Your instructions: Starting with the line with "So like Don" in the entries below and going on through the line with "In another case, I'll", output every line exactly and nothing more. No pictures.

Data:
- - - - -
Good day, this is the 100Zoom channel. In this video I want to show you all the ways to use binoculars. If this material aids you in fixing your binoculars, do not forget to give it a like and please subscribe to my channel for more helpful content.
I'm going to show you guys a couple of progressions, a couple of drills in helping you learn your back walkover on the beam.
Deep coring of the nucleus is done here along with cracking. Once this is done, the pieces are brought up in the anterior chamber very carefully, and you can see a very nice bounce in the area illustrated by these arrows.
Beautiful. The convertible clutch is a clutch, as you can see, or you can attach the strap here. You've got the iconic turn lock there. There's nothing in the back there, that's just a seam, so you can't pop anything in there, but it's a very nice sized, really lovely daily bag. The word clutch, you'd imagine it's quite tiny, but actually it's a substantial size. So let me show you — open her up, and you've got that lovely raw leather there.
- - - - -
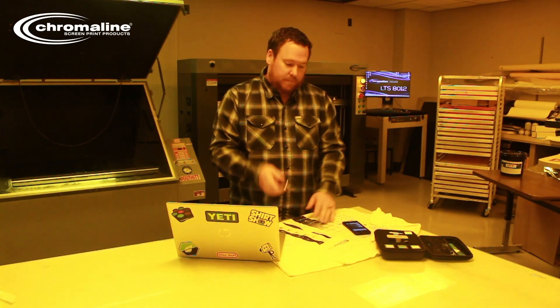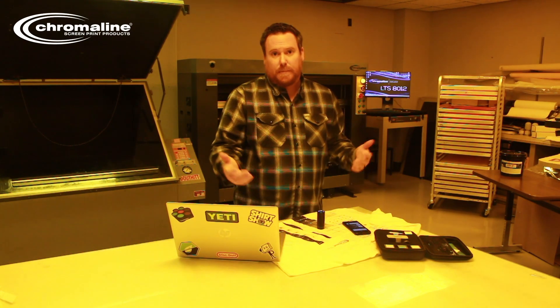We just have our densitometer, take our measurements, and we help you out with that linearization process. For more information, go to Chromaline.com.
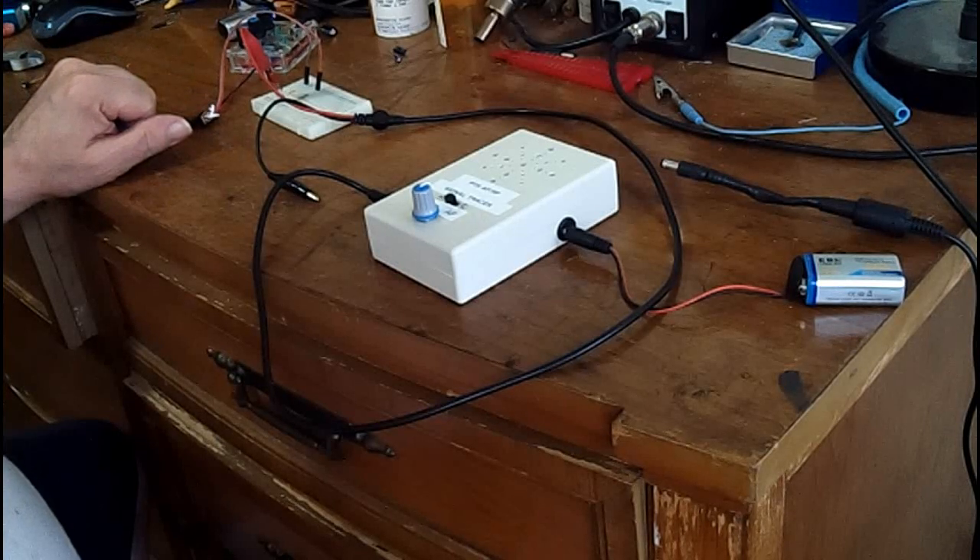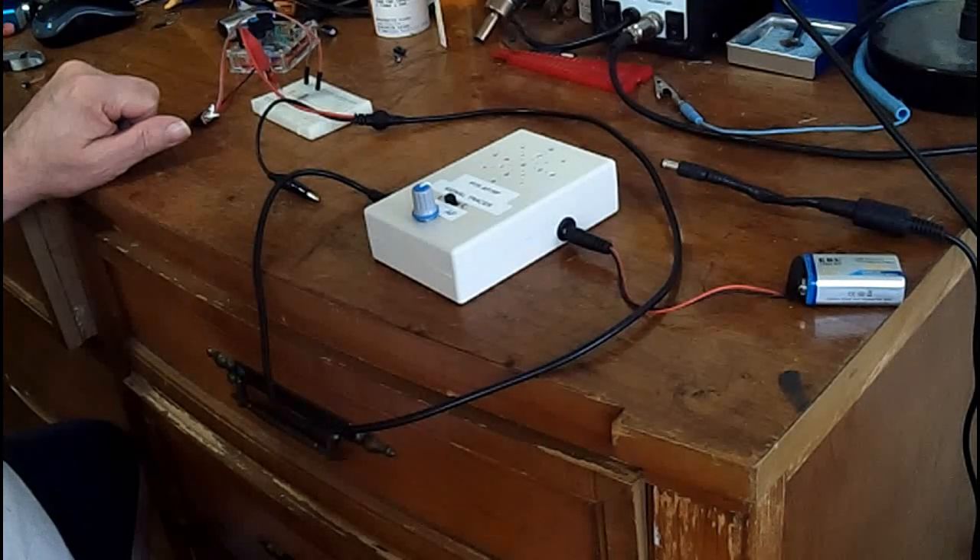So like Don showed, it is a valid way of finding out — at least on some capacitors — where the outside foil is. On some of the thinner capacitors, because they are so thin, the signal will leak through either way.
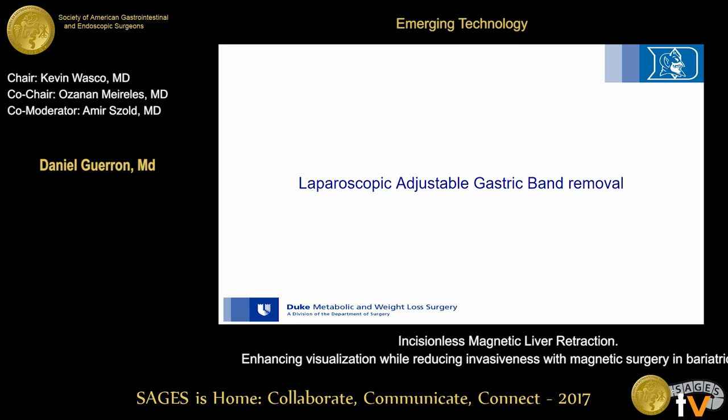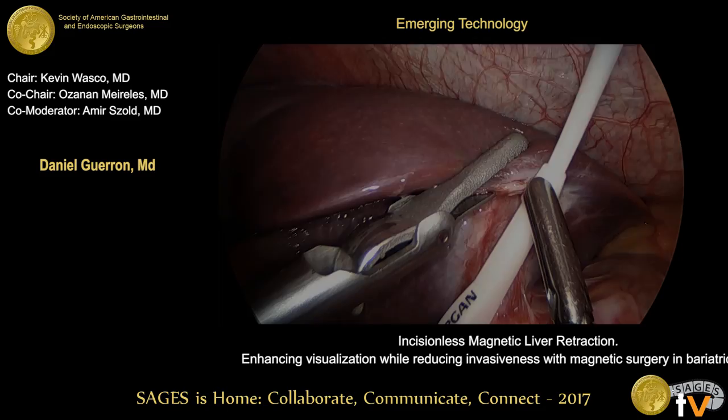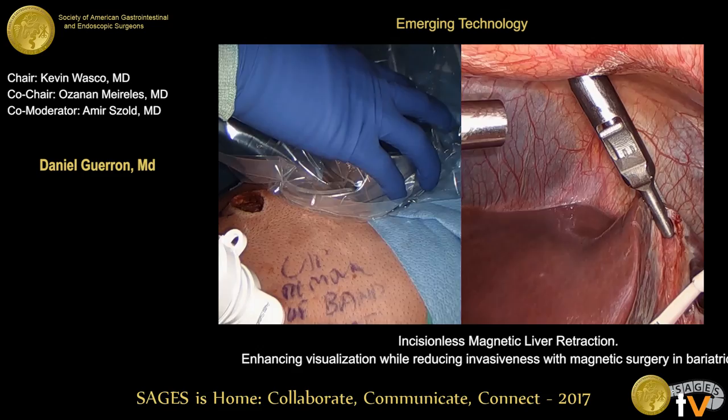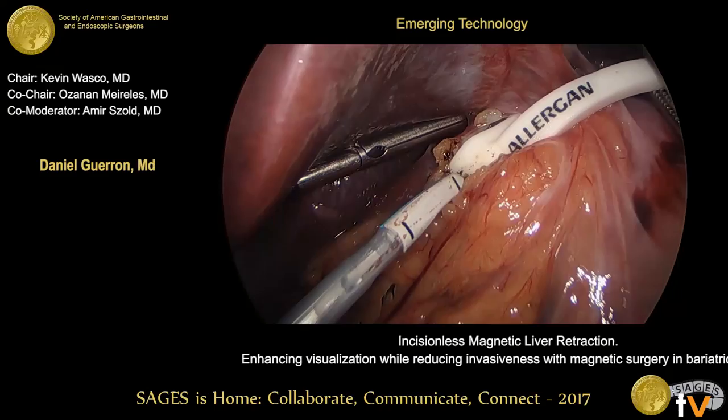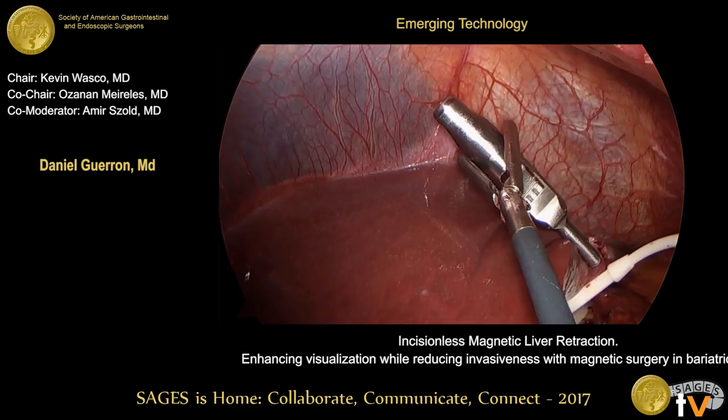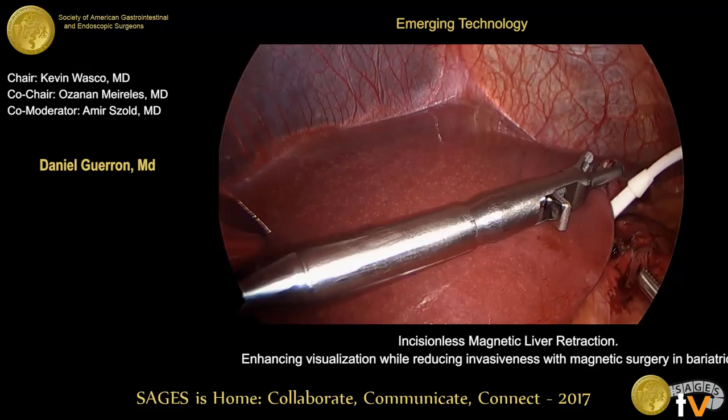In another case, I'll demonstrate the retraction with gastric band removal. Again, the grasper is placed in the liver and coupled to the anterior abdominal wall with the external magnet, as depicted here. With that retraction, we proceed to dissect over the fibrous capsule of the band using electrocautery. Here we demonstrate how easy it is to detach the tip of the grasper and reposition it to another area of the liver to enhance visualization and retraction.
- - - - -
Answer box:
So like Don showed, it is a valid way of finding out — at least on some capacitors — where the outside foil is. On some of the thinner capacitors, because they are so thin, the signal will leak through either way.
In another case, I'll demonstrate the retraction with gastric band removal. Again, the grasper is placed in the liver and coupled to the anterior abdominal wall with the external magnet, as depicted here. With that retraction, we proceed to dissect over the fibrous capsule of the band using electrocautery. Here we demonstrate how easy it is to detach the tip of the grasper and reposition it to another area of the liver to enhance visualization and retraction.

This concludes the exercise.